Chamam-lhe "compromisso brincalhão" e o
objectivo é provocar o debate. O duplo plural, o plural feminino genérico
e o uso da arroba (@s), do x (xs) ou do asterisco (*s), em vez de 'os'
para considerar os dois géneros são algumas das propostas para um novo
acordo da língua portuguesa.
O Acordo Queerográfico, já subscrito por mais de 100
pessoas, surgiu "da pura necessidade", como explica Pedro Feijó, 21
anos, estudante de Estudos Gerais da Universidade de Lisboa e uma das
caras por trás do movimento que pretende "mostrar como a linguagem é
instrumento de dominação social".
Querem tornar "caótica" a representação do género e
inventar palavras como "a Presidenta", ou "a Mulher" como símbolo da
Humanidade. "E não estamos a criar uma forma de escrita normativa. Tem a
ver com desestabilização e não com a criação de um correcto", explica.
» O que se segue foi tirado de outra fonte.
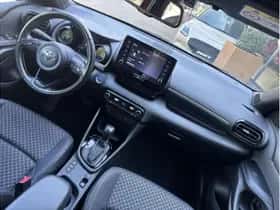 Toyota Yaris (2021) thumbnail 9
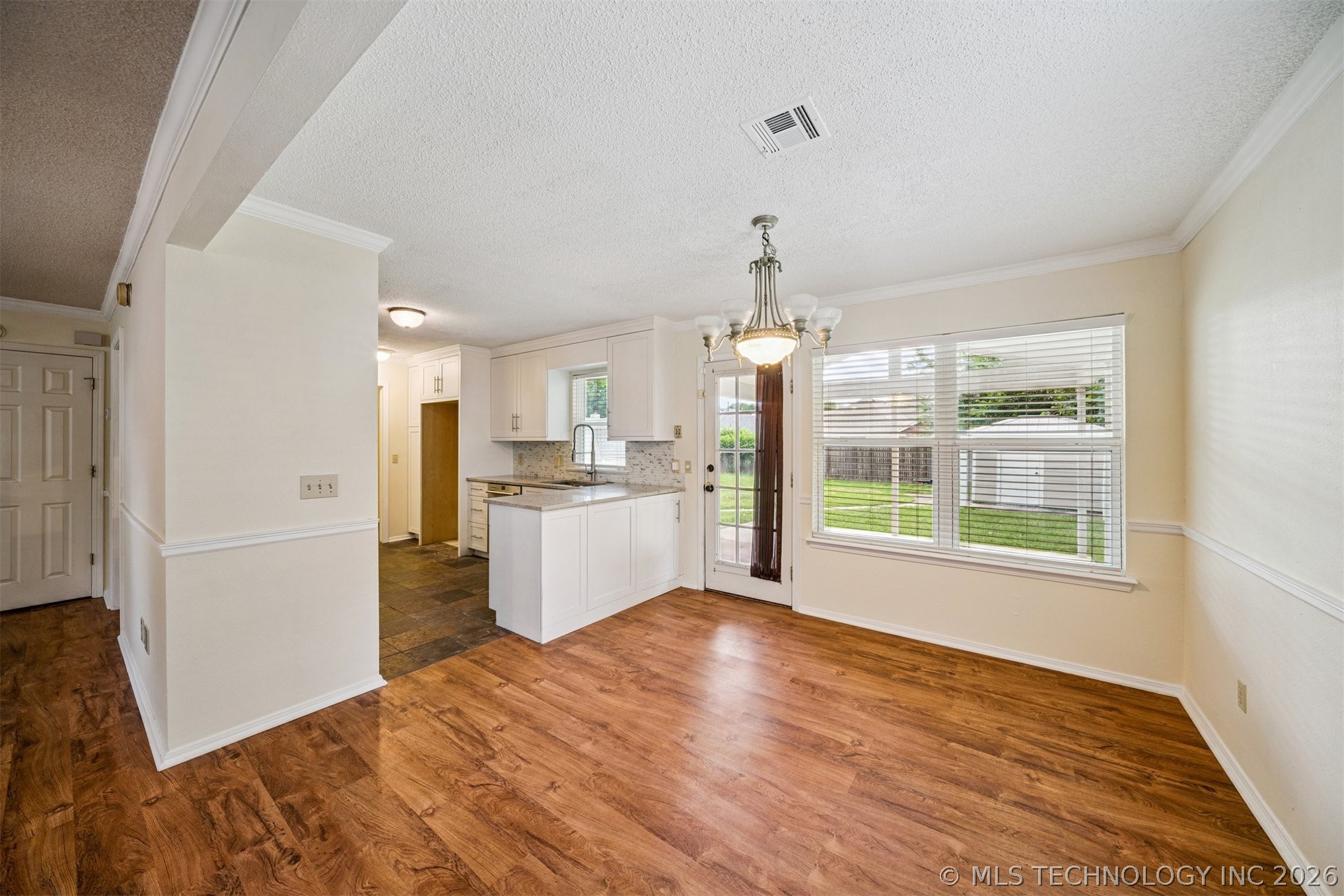 4929 S Poplar Avenue Broken Arrow OK 74011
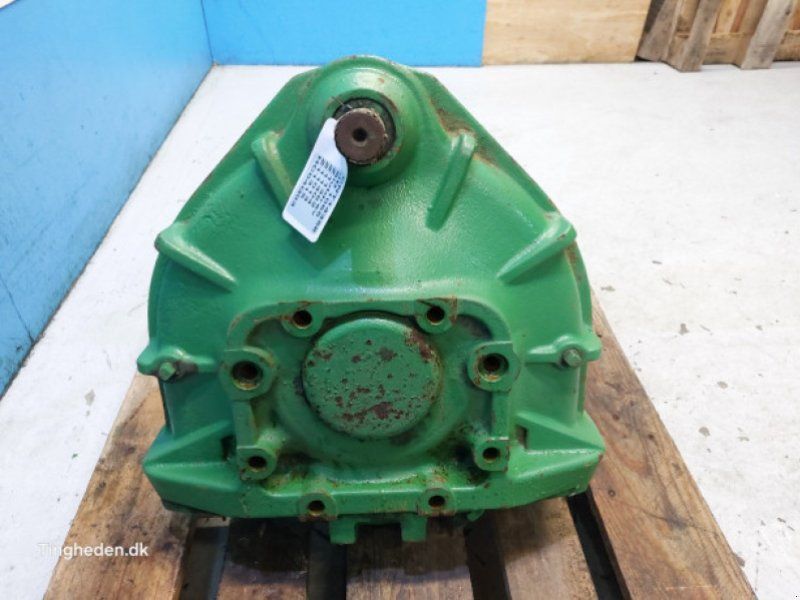 John Deere 1065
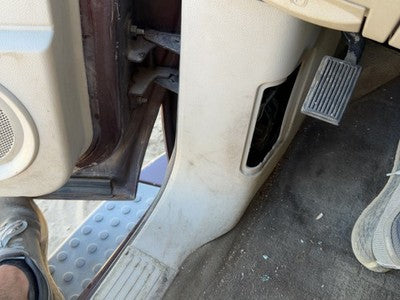 2004 Dodge Durango Driver Left Lower Kick Trim Panel Oem Gray Hjj1
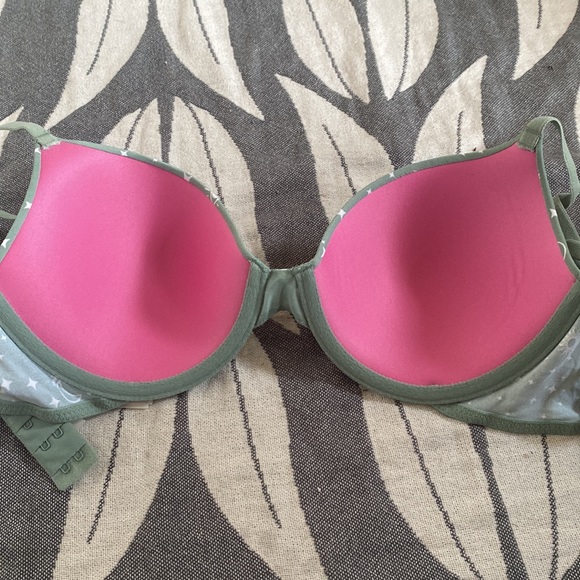 Pink 32D bra - Picture 2 of 3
Propõem ainda palavras como "tod*s", "xs pessoas" ou
"velh@s", mas o "silencioso" asterisco (*) ou o "incómodo" x ou a
arroba (@) não têm leitura e não existem ainda opções para a oralidade.
Uma lacuna em que estão agora a trabalhar.
Linguistas duvidam do sucesso de um acordo deste género
Mas especialistas, como João Veloso, professor na
Universidade do Porto e presidente da Associação Portuguesa de
Linguística, não acreditam no projecto. "Já existiram, noutros países,
movimentos semelhantes e a intenção é louvável, mas o argumento de que
na linguagem o género feminino é subjugado ao masculino não é válido
porque não há razões científicas para isso, é uma questão gramatical e
não cultural", afirma.
Segundo João Veloso, as línguas são elementos
naturais que não evoluem "por decreto". Já o professor da Universidade
da Beira Interior e especialista em evolução da linguagem, Paulo Osório,
não estranha que a proposta tenha vindo de jovens, naturalmente mais
abertos à inovação.
Pedro Feijó, em conversa com o Expresso, utilizou sempre o plural no feminino, como manda o manifesto publicado online
, pois "o plural masculino apaga as mulheres". O alvo é a sociedade
heteropatriarcal: uma sociedade onde a regra imposta é a da família
nuclear e as relações binárias e heterossexuais. A ideia é convidar os
outros a utilizarem o acordo e a construí-lo.
"Esta proposta é muito complexa porque os usos orais
são marcados pelos hábitos mas a ortografia é marcada por normas
regulamentadas. É complicado que as pessoas integrem esses usos, até
porque eles demoram muito tempo a entrar na língua, para que sejam
estandardizados pode demorar séculos", explica o professor Paulo Osório
que não acredita que as mudanças se alastrem além do grupo.
O manifesto, escrito por Pedro Feijó e que teve o
contributo e revisão de outras pessoas, serve para atestar a existência
deste modo de escrever. "Já fiz um teste em que comecei por dizer: 'Este
texto está redigido em concordância com o Acordo Queerográfico', agora
estou à espera da nota", conta orgulhoso o autor.
Paulo Osório admite que, como professor, não iria aceitar um teste escrito assim.